Is NATO obsolete?

What does US President Donald Trump think about NATO? Twice during his election campaign he rubbished it publically, saying it was “obsolete.” Yet this month, when he met UK Prime Minister Therese May, he told her he supported NATO 100 percent.

A few influential people have argued that it is indeed obsolete. One of them was William Pfaff, the late, much-esteemed columnist for the International Herald Tribune. Another is Paul Hockenos, who set out his views in a seminal article in World Policy Journal. Their words fell on deaf ears. Former US President George H.W. Bush saw it differently, and wanted to see the Soviet Union more involved in NATO’s day-to-day work.

His successor Bill Clinton had another agenda, one that turned out to be dangerous, triggering Moscow’s current hostility toward the West: To expand NATO, incorporating one by one Russia’s former East European allies. His successors continued that approach, with Barack Obama raising a red rag to a bull by calling for the inclusion of Ukraine and Georgia.

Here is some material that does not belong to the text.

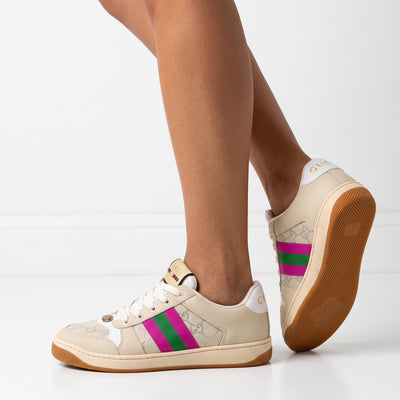 Beige Gucci low-top sneaker with pink and green web stripe and gum sole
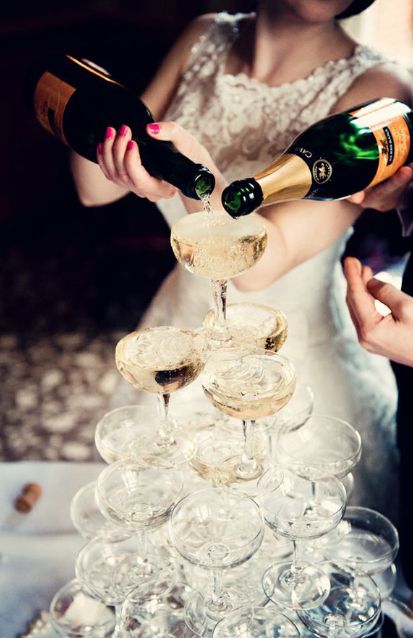 the bride and groom are pouring champagne into wine glasses on top of each other at their wedding reception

NATO’s job, as British Secretary-General Lord Ismay said in 1967, was to “keep the Russians out, the Americans in and the Germans down.” It certainly succeeded with the latter two.

To some extent, it did find a role after the Berlin Wall came down. It led humanitarian interventions in Bosnia in 1995 and against Serbia in 1999. In 2003 it deployed troops into Afghanistan. At one time the NATO-led force rose to 40,000 for 40 countries, including all 27 NATO allies.

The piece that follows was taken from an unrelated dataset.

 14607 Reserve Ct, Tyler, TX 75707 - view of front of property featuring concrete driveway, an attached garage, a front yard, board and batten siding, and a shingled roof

Nevertheless, some of us do not see these as great successes. Most historians who have examined the evidence are convinced that the late Soviet leader Joseph Stalin had no intention of invading Western Europe. World War II was won, the Soviet Union had a ring of friends around its borders, and Germany was divided. The allies had been an invaluable help, and the Soviets did not feel threatened by their former comrades in arms.

So often overlooked is that the Soviet Union bore the brunt of defeating Germany, and lost by far the most fighting men and civilians. Thorough searches by Western historians through Soviet archives, opened under President Boris Yeltsin, have revealed that Moscow had no plans to invade Europe.

Yes, it is.  The EU should take over most of NATO’s role: Doing more of what it has done in Georgia and stabilizing the Balkans, making use of its massive “soft power,” and thus undergirding world security.